You then need to do a dnf update to get the latest. Which then fixed my
NFS problem, but then vdsm refused to connect to the database. It was
at that point I discovered my installed version of Postgress was now @
9.4, instead of 9.3. Not sure how I got to 9.3, as I thought Fedora 20,
which is where I came from has 9.2, and Fedora 22 had 9.4.
So now I did the Postgress upgrade, which worked as expected above. But
vdsm still would not connect to the database. After googling that
issue, the only suggestion I saw was to remove the password from the
vdsm conf file and re-run engine setup. That really upset Ovirt and it
wiped out everything and proceeded to start with a fresh configuration,
wiping out my datacenter.
I do run a nightly ovirt backup, which I attempted to restore from, but
it wouldn't let me do that as my backup which was from the previous
night was for 3.5, and I was now at 3.6.1. So much for backups.

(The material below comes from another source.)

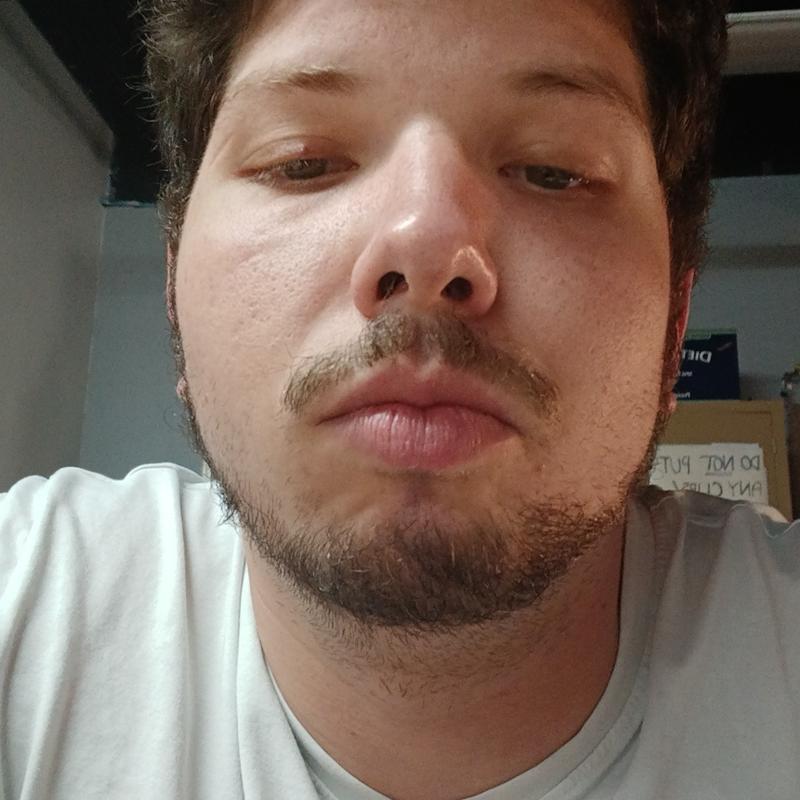 https://images.reputablerooms.com/processed/67636/profile/1d0362b3-2fa7-4032-ab2c-335ed15c617a.jpeg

It was at that point I just decided to investigate Hosted Engine, seeing
as I was needing to start from scratch. After spending several hours
researching that, it appears HE is know where near ready for any sort of
daily driver. The WIKI how to seemed severely out of date and I
couldn't find a usable engine appliance ISO that seemed to be ready to
with out hours or days of additional hacking.
So in the end I just re-ran the All-In-One setup and spent a couple
hours rebuilding my datacenter.
So to the above steps, a dnf update needs to added as a step after the
fedup reboot.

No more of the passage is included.